Given the influence Michael Mann's Manhunter and Jonathan Demme's Oscar winning classic The Silence of the Lambs have had over police procedural television throughout the years, it was surely only a matter of time before Thomas Harris's Doctor Lecter made his way to the small screen. With one Dexter Morgan proving that you don't have to be a law-abiding citizen to headline a TV show, and The Walking Dead popularising gore and ultraviolence, the stage was set for the arrival of Hannibal the cannibal. As ever, he does so in inimitable Hannibal style.
Inspired by less than a paragraph of Red Dragon, the television series offers an intriguing prospect – a not-yet uncovered Hannibal Lecter teams up with the FBI to help them catch serial killers, using his insight as a top psychiatrist and secret serial killer to bring the bad guys to justice. As it happens, Lecter is employed less to catch criminals than keep an eye on sensitive colleague Will Graham, a criminal profiler who suffers from a little too much empathy.
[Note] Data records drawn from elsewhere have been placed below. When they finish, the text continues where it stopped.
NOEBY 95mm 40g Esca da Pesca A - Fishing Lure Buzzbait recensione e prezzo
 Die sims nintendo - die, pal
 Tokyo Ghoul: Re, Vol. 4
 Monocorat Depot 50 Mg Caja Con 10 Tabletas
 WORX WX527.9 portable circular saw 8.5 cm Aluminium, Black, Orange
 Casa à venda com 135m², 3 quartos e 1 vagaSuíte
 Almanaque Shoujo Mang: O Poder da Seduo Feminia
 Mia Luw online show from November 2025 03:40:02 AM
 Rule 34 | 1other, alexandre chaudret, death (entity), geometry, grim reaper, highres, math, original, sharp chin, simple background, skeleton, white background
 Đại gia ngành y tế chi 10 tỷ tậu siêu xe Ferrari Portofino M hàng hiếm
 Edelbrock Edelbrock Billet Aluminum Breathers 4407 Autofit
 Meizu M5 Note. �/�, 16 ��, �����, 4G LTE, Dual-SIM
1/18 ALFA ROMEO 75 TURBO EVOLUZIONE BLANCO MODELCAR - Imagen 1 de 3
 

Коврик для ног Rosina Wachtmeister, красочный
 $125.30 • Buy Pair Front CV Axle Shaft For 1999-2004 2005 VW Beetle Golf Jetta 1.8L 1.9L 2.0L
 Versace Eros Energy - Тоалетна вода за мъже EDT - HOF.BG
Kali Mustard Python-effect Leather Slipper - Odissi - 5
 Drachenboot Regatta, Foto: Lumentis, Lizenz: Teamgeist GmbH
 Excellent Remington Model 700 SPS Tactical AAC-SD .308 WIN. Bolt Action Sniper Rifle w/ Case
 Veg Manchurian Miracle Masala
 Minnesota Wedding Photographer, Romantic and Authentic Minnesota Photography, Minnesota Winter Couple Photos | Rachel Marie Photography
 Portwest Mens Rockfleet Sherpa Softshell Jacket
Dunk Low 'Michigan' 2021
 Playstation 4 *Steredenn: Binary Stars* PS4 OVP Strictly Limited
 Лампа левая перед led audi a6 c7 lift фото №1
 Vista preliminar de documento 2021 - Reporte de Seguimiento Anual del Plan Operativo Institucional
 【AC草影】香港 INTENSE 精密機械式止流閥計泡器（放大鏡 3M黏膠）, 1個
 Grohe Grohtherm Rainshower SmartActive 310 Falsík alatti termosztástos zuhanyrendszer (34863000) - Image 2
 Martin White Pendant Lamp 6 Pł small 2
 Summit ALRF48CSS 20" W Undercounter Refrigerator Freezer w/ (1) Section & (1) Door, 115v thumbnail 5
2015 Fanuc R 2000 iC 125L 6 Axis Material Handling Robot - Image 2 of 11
As anyone who has suffered a guilt trip will know, you can empathise a little too much with others. In this case, Will's “pure empathy” allows him to see through the eyes of serial killers, giving him a unique knowledge of how their minds work and the ways in which they commit their crimes. Called upon by FBI boss Jack Crawford (excellently played by Laurence Fishburne) to solve a series of remarkably neat murders, Lecter and Graham must combine forces for long enough to bring the killer to justice. That's if they can stop psychoanalysing one another for long enough. Kudos for getting a Hulk quote in there.
With three main characters and a complex working relationship to establish in this first episode, there's little room for much more than the most rudimentary of crime plots. The killer (the one who isn't Hannibal, anyway) barely figures into the episode until its closing moments. With Crawford recruiting Graham and Lecter within twenty minutes of one another, Aperitif would have benefited from a longer running time or even leaving Hannibal to the second episode. As it is, this is a fine introduction to our characters, albeit one which feels a little hasty. As Graham, Hugh Dancy does fine, although he is a little annoying. It's too soon to tell about Doctor Lecter though. Mads Mikkelsen gives such a drastically different performance to Sir Anthony Hopkins and Brian Cox that it's difficult to say where his performance lies. He's better than Gaspard Ulliel though, and Hannibal is already better than Hannibal Rising and Red Dragon.
It looks great too, playing like a cross between Criminal Minds and the Takashi Miike TV series MPD Psycho. It's elegant, stylish and dark. There are shades of Stanley Kubrick there too, particularly in one bathroom scene in which Crawford and Graham go head to head. And it's not just the sets which look good – he may be a cannibal, but Doctor Lecter certainly knows how to make a meal look appetising. I'm ashamed (and a little scared) to admit that watching Hannibal made me feel rather hungry.
It is indeed, too soon to tell whether Hannibal will be a success. This is, after all, just the aperitif. It's a damn good one though. I eagerly await a second helping.